When you own a business, it is essential that you do everything you can in order to protect it in every way you can. Although this could mean in terms of the brand image, here we will be looking at what you need to do to protect your finances specifically. So, let’s find out the 3 simple steps that you can take to protect your business financially.
Invest in Credit Insurance
The first thing you can do to protect your business financially is to take out credit insurance. The world of credit insurance is complex, but in a nutshell, credit insurance protects your business against the non-payment of goods or services. For example, if you are a construction business and your team completes the work, but the other company does not pay for that work, credit insurance would mitigate the majority of your losses.

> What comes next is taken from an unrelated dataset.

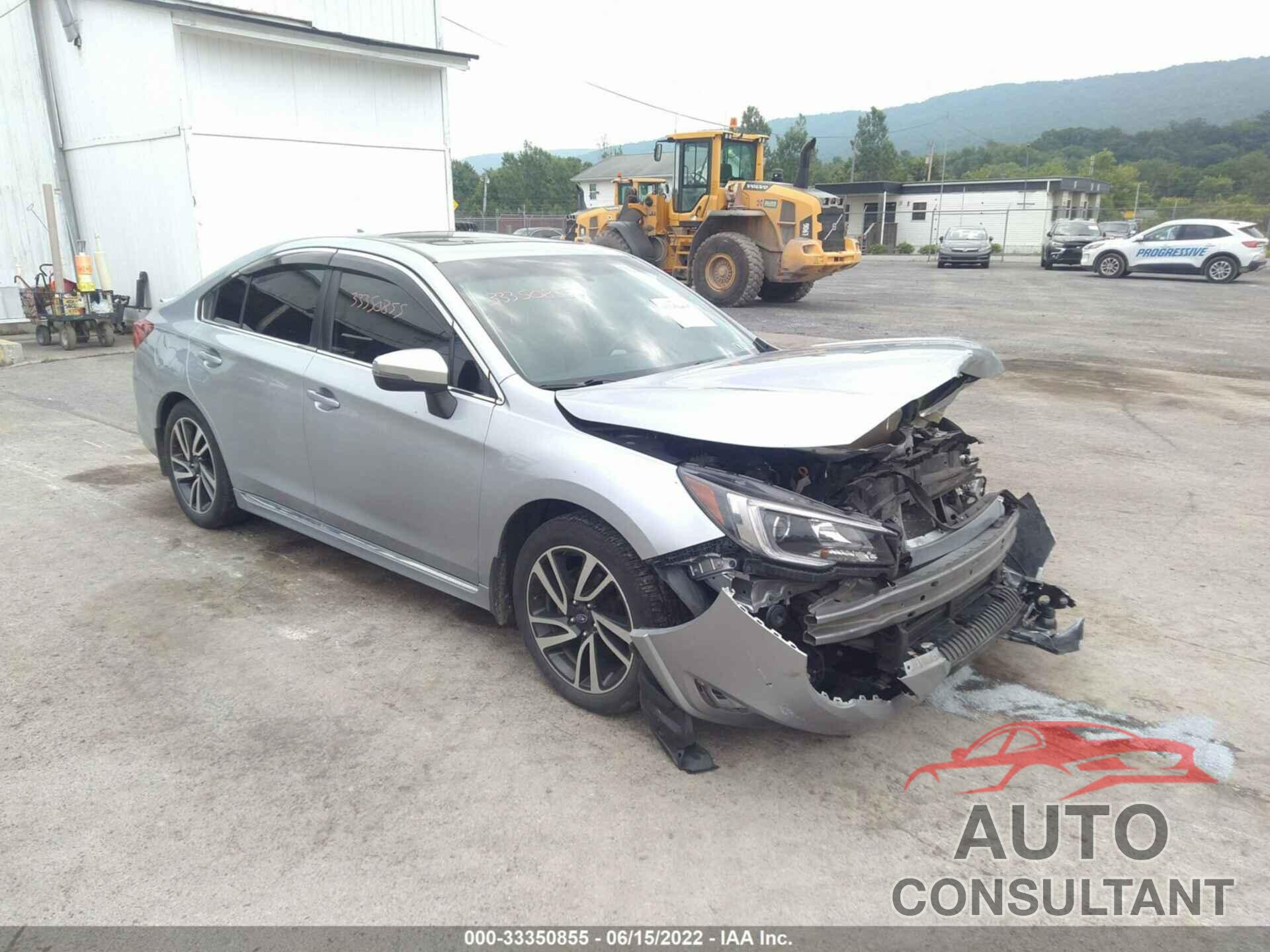 SUBARU LEGACY 2018 - 4S3BNAR66J3005341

There are so many different types of credit insurance, from whole turnover insurance and single account insurance to domestic and international credit insurance. To make sure that you are getting the best deal and also the right cover, it is best to work with an impartial credit insurance broker. In the future, if you ever need to claim, you will be able to deal directly with the broker rather than having to try and communicate with a string of different customer service people!
Maintain A Strong Relationship With Suppliers
The next thing you can do is to maintain a strong relationship with your suppliers. It is so important to have a healthy and strong relationship with your suppliers, as if you get into a habit of paying suppliers late or being unprofessional, word could spread and you might struggle to establish new relationships with other suppliers in the future if you needed to.

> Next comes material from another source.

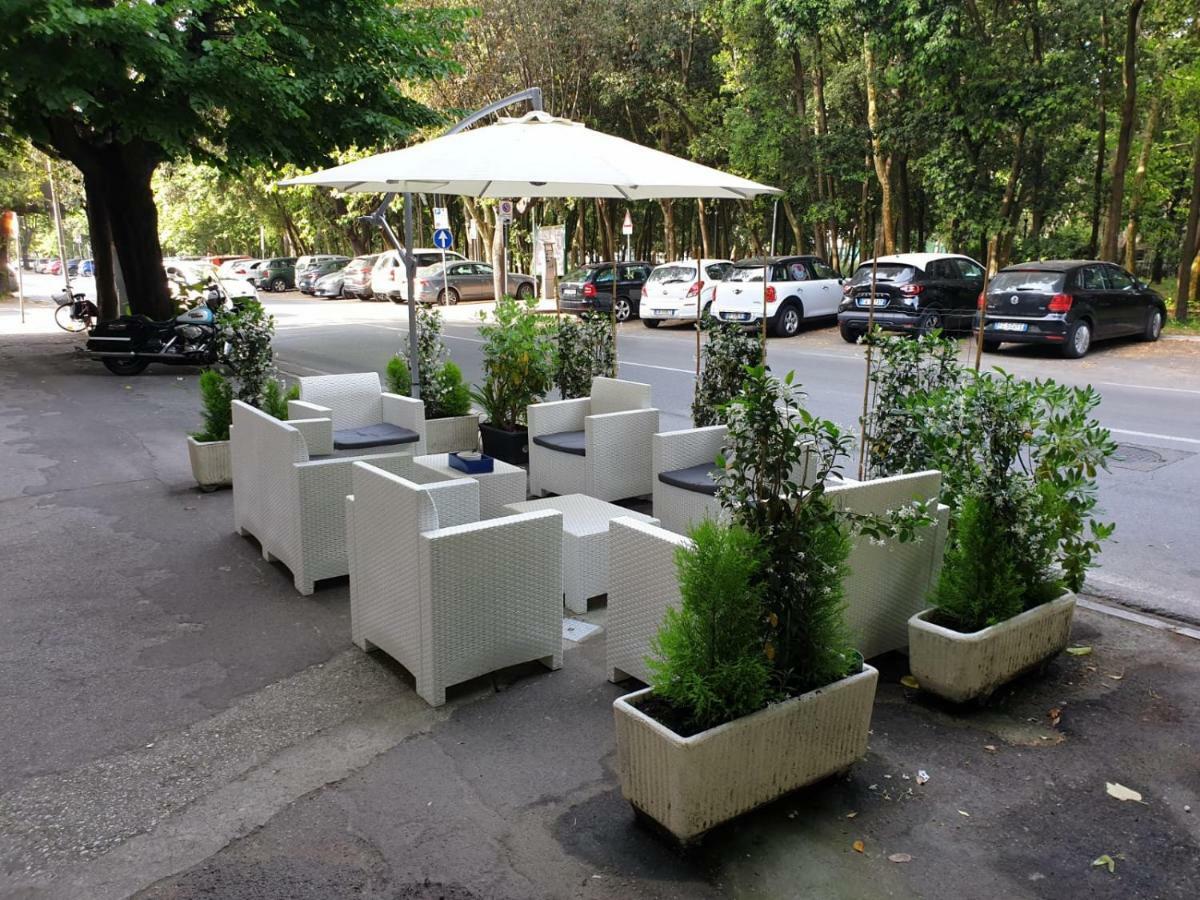Hotel Bianchi Виареджо Екстериор снимка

If your business is one that relies on suppliers, your relationship with them should be a priority. Pay your invoices on time and stay in touch, as this could have significant benefits for your company long term. When you are good to them, they are going to want to keep you on board!
Diversify Income Streams
Our last tip to help you protect your business financially is to minimise financial risk by having a diverse range of income streams. Perhaps you have one core stream of income from a huge client. If this client was to ever go bust, this would have an enormous impact on your business and trying to desperately find other clients to replace this business will not be easy. So, it is vital that you have a range of different income streams so that when one is threatened, it won’t be completely disastrous for your business and you can fall back on the other lines of income.
When considering the structure of your business, consider the different revenue streams you might have. For example, as a marketing agency, perhaps you have two large clients who contribute to around half of your income. It would then be advised that you have multiple smaller clients who contribute the other half of your income. If one of your smaller clients leaves, it won’t be the end of the world in terms of cash flow. If one of the bigger clients leaves, it will have more of an impact, but the smaller clients and other large client will support the business.

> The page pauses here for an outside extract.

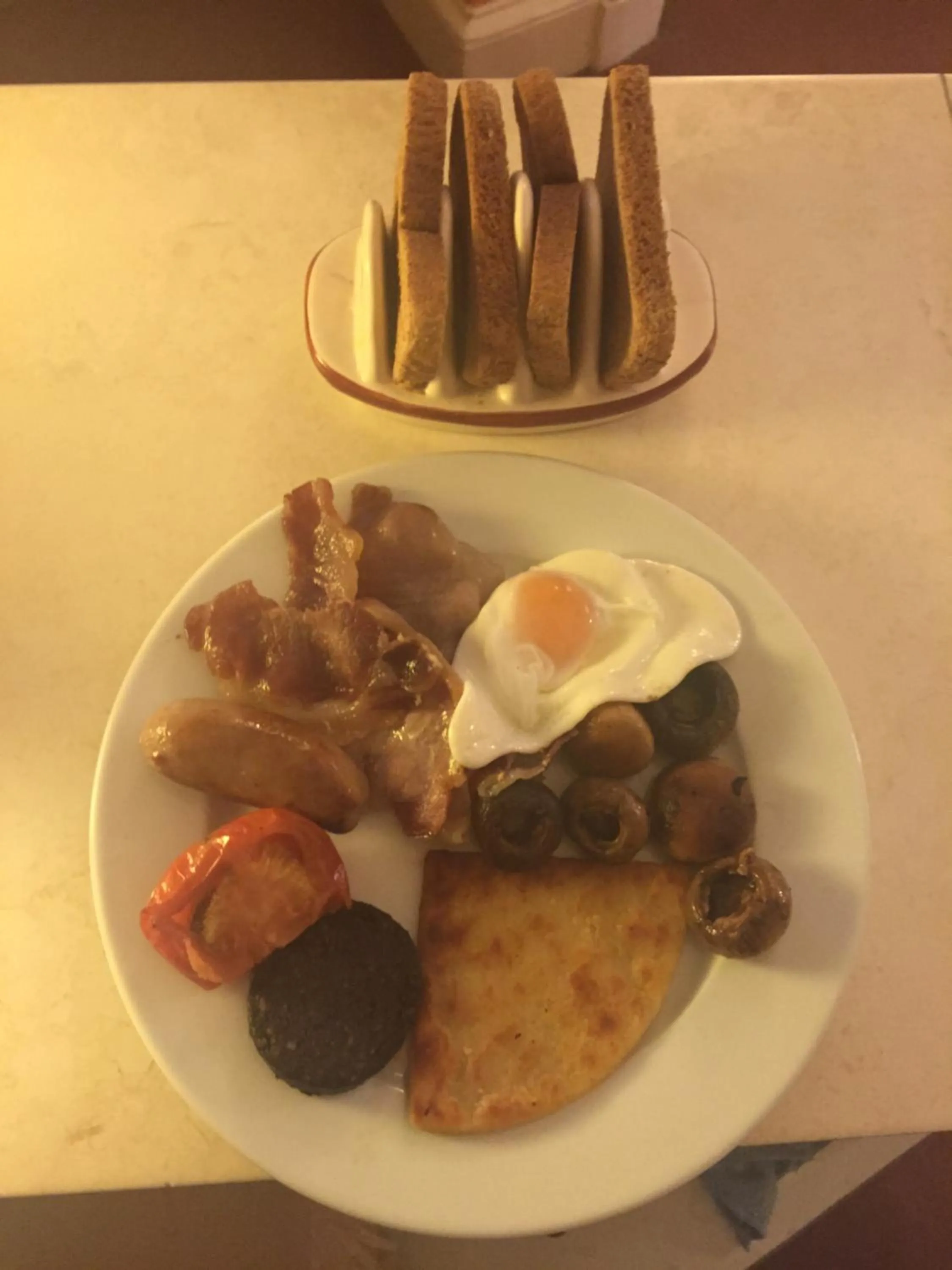 Breakfast in The Arrandale Hotel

In the case that all of the clients left (as unlikely as you might think it is), you might have good relationships with other agencies who don’t offer your specialist skill and you can conduct white label work for them.
Making sure that you have a range of revenue streams is essential to protecting your business financially! When this is a priority, you will naturally see business growth.
So, there you have it! When you do these things, although they may require an upfront investment, the security it will give your business financially is certainly worth it. Plus, this will give you serious peace of mind, as well as the opportunity to expand your business more safely!